Subject classification and statistics share some common problems. This post takes a small example discussed at this week’s ODaF event on “Semantic Statistics” in Tilberg, and explores its expression coded in the Universal Decimal Classification (UDC). UDC supports faceted description, providing an abstract grammar allowing sentence-like subject descriptions to be composed from the “raw materials” defined in its vocabulary scheme.

This makes the mapping of UDC (and to some extent also Dewey classifications)  into W3C’s SKOS somewhat lossy, since patterns and conventions for documenting these complex, composed structures are not yet well established. In the NoTube project we are looking into this in a TV context, in large part because the BBC archives make extensive use of UDC via their Lonclass scheme; see my ‘investigating Lonclass‘ and UDC seminar talk for more on those scenarios. Until this week I hadn’t thought enough about the potential for using this to link deep into statistical datasets.

One of the examples discussed on Tuesday was as follows (via Richard Cyganiak):

“There were 66 fatal occupational injuries in the Washington, DC metropolitan area in 2008″

There was much interesting discussion in Tilburg about the proper scope and role of Linked Data techniques for sharing this kind of statistical data. Do we use RDF essentially as metadata, to find ‘black boxes’ full of stats, or do we use RDF to try to capture something of what the statistics are telling us about the world? When do we use RDF as simple factual data directly about the world (eg. school X has N pupils [currently; or at time t]), and when does it become a carrier for raw numeric data whose meaning is not so directly expressed at the factual level?

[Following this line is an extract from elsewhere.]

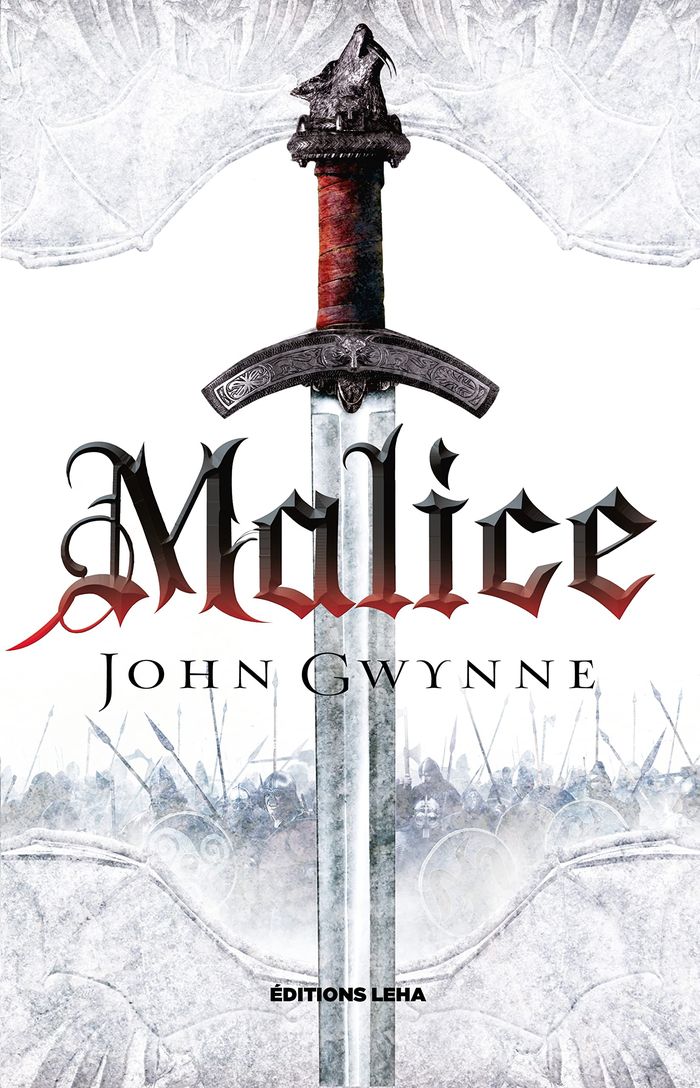 Couverture du livre « Malice » de John Gwynne, librairie Les Contes Infusés à Corte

The state of the art in applying RDF here seems to be SDMX-RDF, see Richard’s slides. The SDMX-RDF work uses SKOS to capture code lists, to describe cross-domain concepts and to indicate subject matter.

Given all this, I thought it would be worth taking this tiny example and looking at how it might look in UDC, both as an example of the ‘compositional semantics’ some of us hope to capture in extended SKOS descriptions, but also to explore scenarios that cross-link numeric data with the bibliographic materials that can be found via library classification techniques such as UDC. So I asked the ever-helpful Aida Slavic (editor in chief of the UDC), who talked me through how this example data item looks from a UDC perspective.

I asked,

So I’ve just got home from a meeting on semweb/stats. These folk encode data values with stuff like “There were 66 fatal occupational injuries in the Washington, DC metropolitan area in 2008″. How much of that could have a UDC coding? I guess I should ask, how would subject index a book whose main topic was “occupational injuries in the Washington DC metro area in 2008″?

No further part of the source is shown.